Le midi, en sortant de l’univers parallèle du Montréal souterrain, je suis passée devant un homme et son chien, assis sous une dizaine de couvertures. Ironiquement, ils étaient à quelques pas du ridicule Doggy Couture, un magasin qui, je l’espère, stimule le reflux gastrique chez la majorité d’entre nous. Sur ses genoux, une affiche : « Je m’appelle Frédéric. Je suis né le 28 novembre 1984. Aujourd’hui j’ai 30 ans. » Est-ce que c’était vrai? Peu importe. Mon coeur s’est engourdi sous l’uppercut. J’ai marché quelques coins de rues, de plus en plus lentement, puis j’ai fait demi-tour.

J’étais à un mètre de lui, à me demander ce que j’allais bien lui dire, guidée par tout sauf ma tête, quand un passant a involontairement donné un coup de pied dans son argent. Commotion. L’homme s’est levé, des gens se sont excusés, le timing n’était plus bon. Je n’ai pas su quoi faire, ce n’était pas dans l’ébauche de mon script. Dans la mêlée, j’ai pris quelques sous, les ai placés dans son verre puis lui ai souhaité bonne fête, timidement. J’ai regretté mes voeux absurdes alors que je les prononçais, parce que, eille, comme entrée dans la trentaine, on avait certainement vu mieux, mais il a levé la tête et m’a remerciée. J’ai marché jusqu’au travail, pas tellement bien dans mes bottes.

Le soir, à Laurier, un homme âgé m’a lancé un hochement de tête poli, un genre de bonjour ma petite dame en s’assoyant face à moi.
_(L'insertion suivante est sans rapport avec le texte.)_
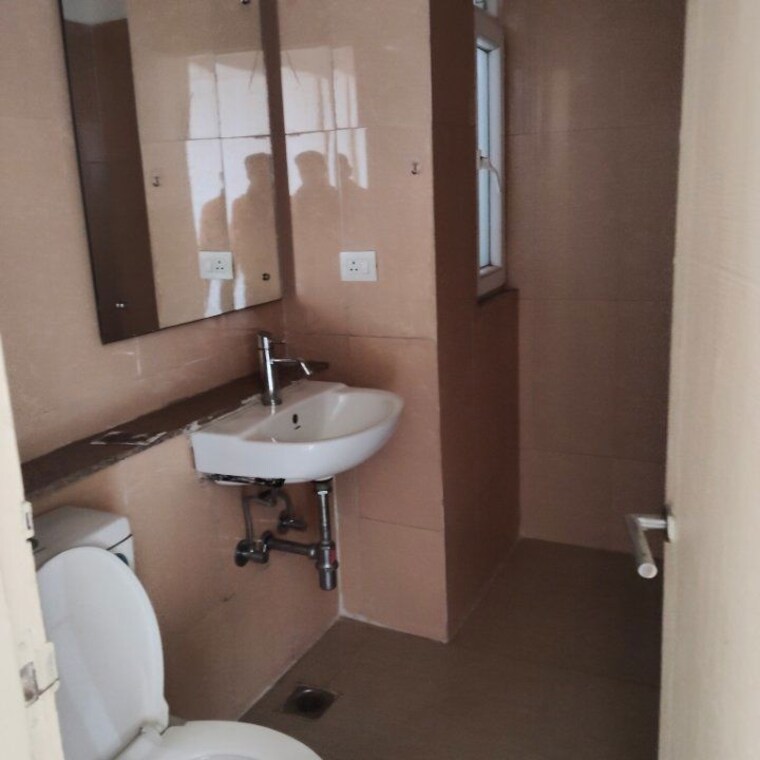 Bathroom, emaar-emerald-estate 3 Bedroom 1395 Sq.Ft. Apartment In Sector 65 Gurgaon 9698932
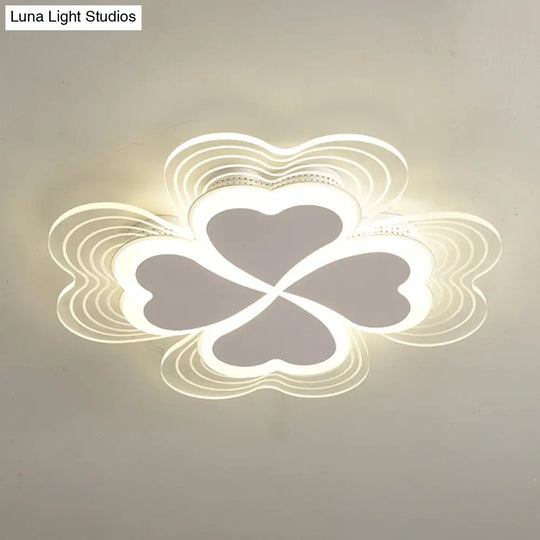 Minimalistic Led Ceiling Mount Light For Bedroom - Acrylic Clover Design White / 16.5’
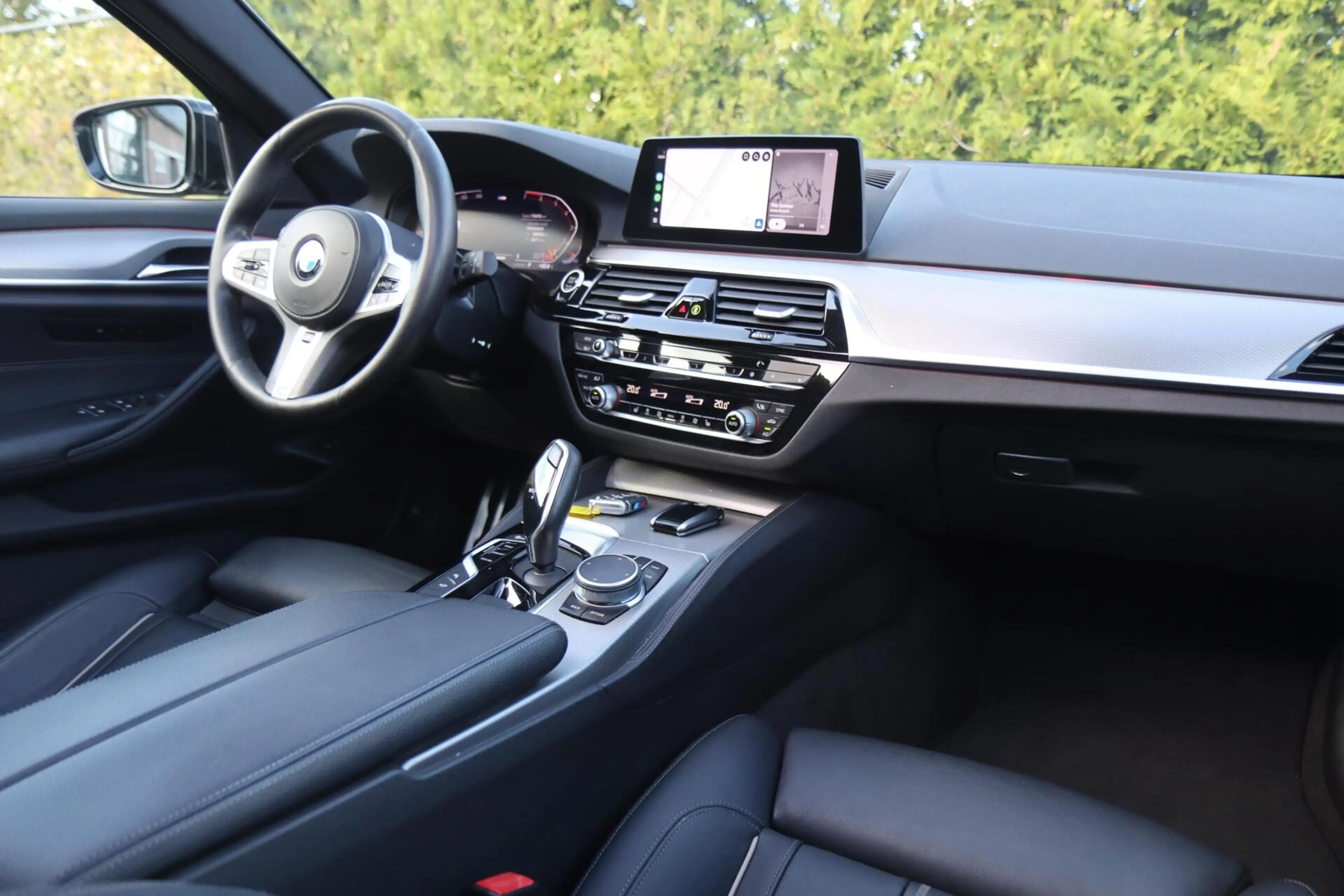 BMW 530 5-serie Touring 530i xDrive High Executive | PANO — photo 11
On jouait soudainement devant la caméra de Gilles Carle, en 1972, dans une quincaillerie de région. J’ai répondu par un sourire, parce qu’on serait bête de ne pas rendre ceux qui ne s’échappent pas de faces de psychopathes. Peut-être aussi parce que, rendue là dans la journée, j’aurais préféré être en habit de neige une-pièce à écouter jaser des monsieurs comme mon père, dans un magasin général quelque part. Je commençais même à me raviser au sujet de l’option bouilli.
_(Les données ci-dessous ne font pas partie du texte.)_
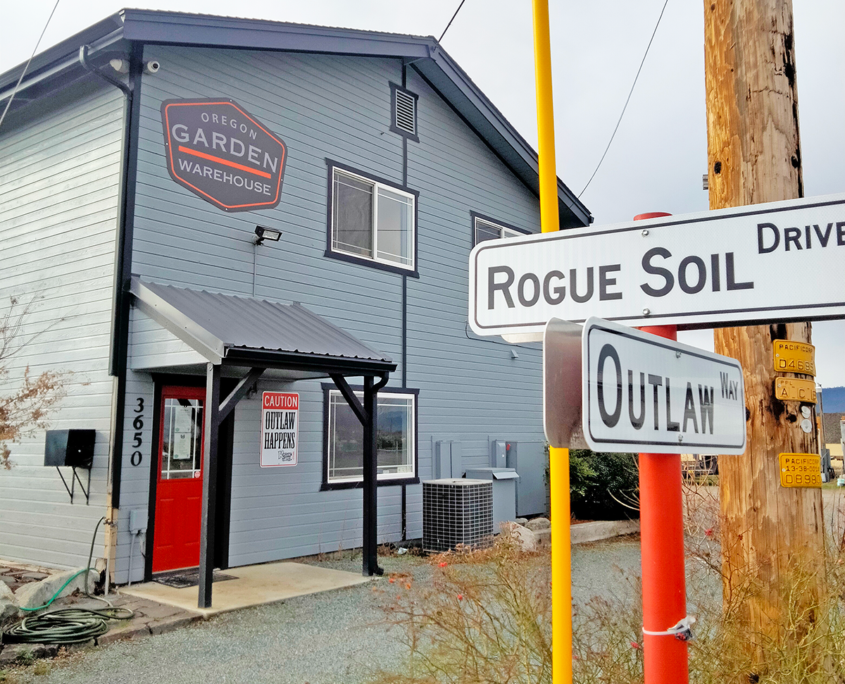 Rogue Soil | Oregon Garden Warehouse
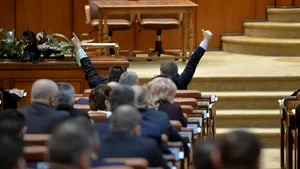 Legea salarizării unitare a trecut de Parlament. Proiectul a fost dezbătut în 15 minute. Liviu Dragnea: S-a încercat, coordonat, împiedicarea adoptării legii/ PNL a cerut prezenţa premierului Grindeanu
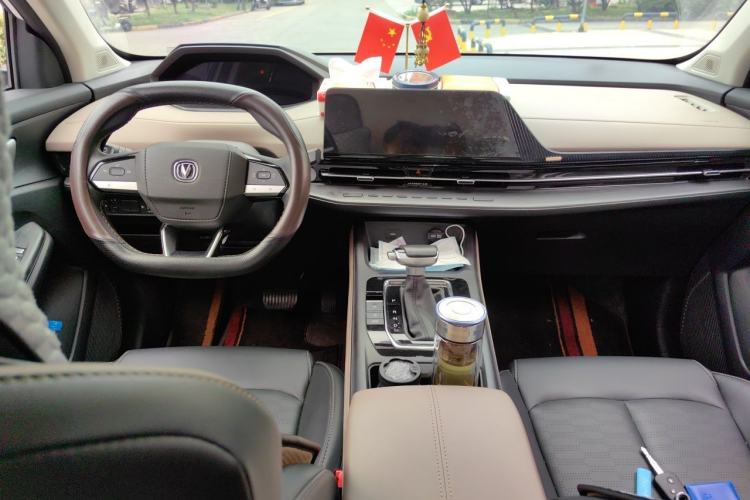 Used CHANGAN CS55PLUS 2023 2nd Generation 1.5T DCT Light-Year Edition Center Console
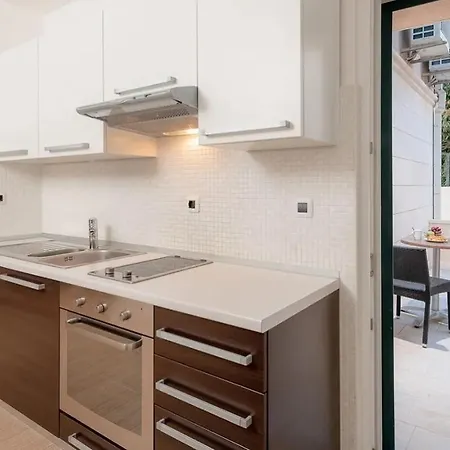 Villa Tucepi Beach Apartment Tucepi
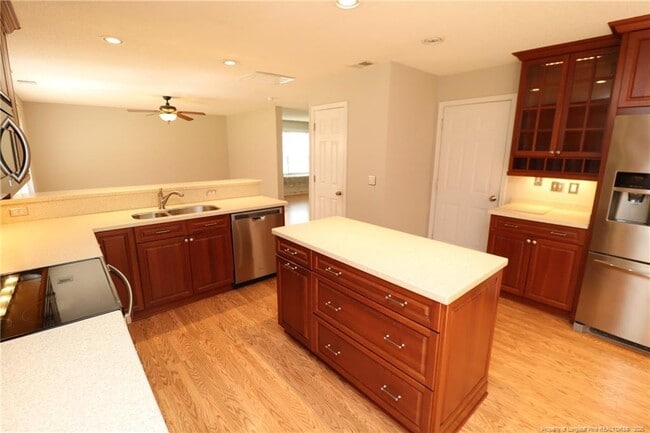 Building Photo - 217 Hartshorn Ct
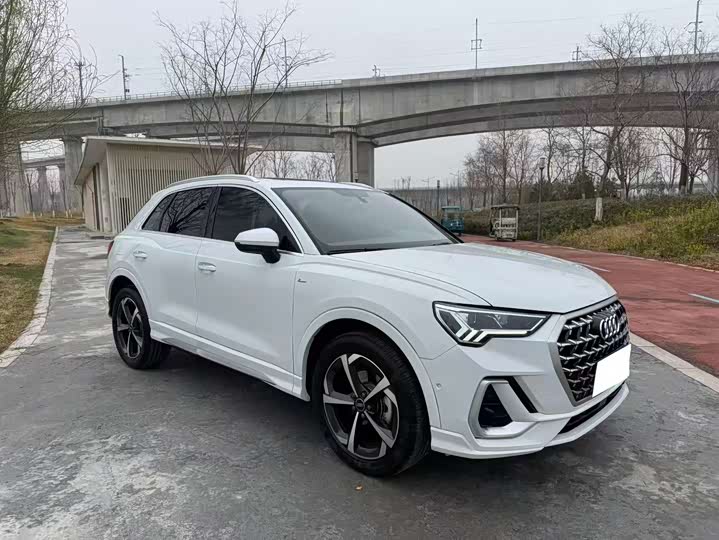 Фото 3 - Audi Q3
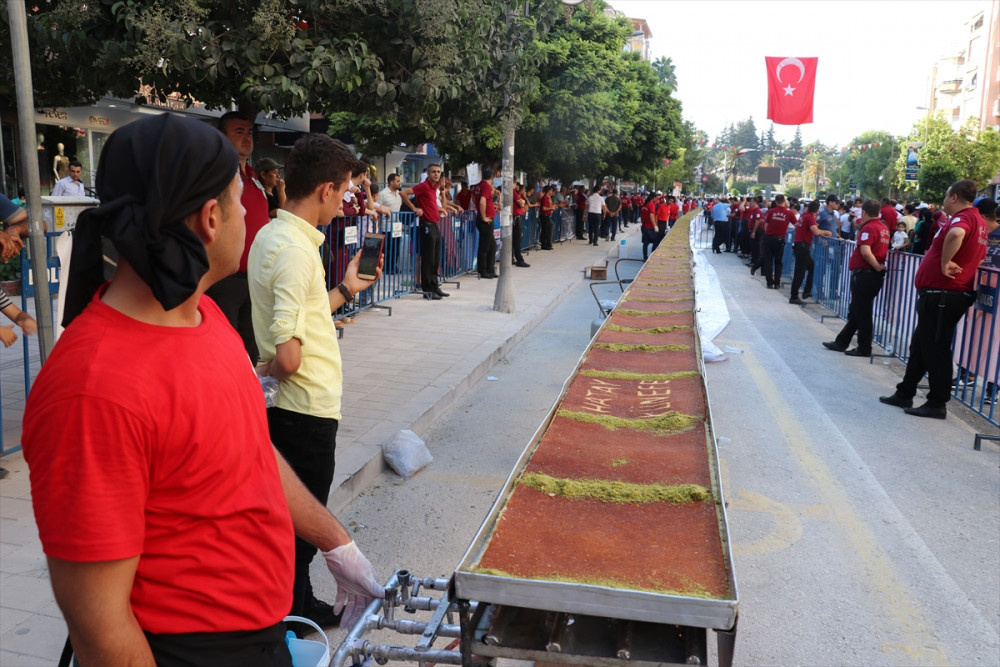 Hatay'da  79 metrelik künefe vatandaşlara dağıtıldı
Décembre approchait, et il fallait trouver encore cette année une façon de le mettre à ma main.

J’ai fixé l’homme au teint grisâtre qui se tenait debout à la droite du monsieur rétro. Cette personne n’était pas en bonne santé. J’ai pensé à mon père, à cet instant où, assise avec lui dans le salon, j’ai compris que là, juste là, on empruntait du temps. Le combat était devenu visible en surface, dans son visage, dans la façon qu’avait le fauteuil de l’avaler. On a ensuite volé deux, trois semaines, pleines de ce cliché littéraire que je n’aimais pas, celui de l’homme plus grand que nature réduit à quelque chose comme une ombre. Jusqu’au 21 décembre.

Les yeux dans le brouillard, fixés sur les mains du passager au visage cendre, j’ai cligné fort pour chasser le souvenir de ma tête. Je n’avais pas besoin de revivre le moment, celui de la perte qui prend par surprise en se jouant avant le temps, plus violente que le vrai départ parce qu’on n’a jamais ressenti aussi fort qu’à cet instant des mots qui, si on les prononçait, briseraient le coeur du père qui n’a pas fini son travail de père : pars pas.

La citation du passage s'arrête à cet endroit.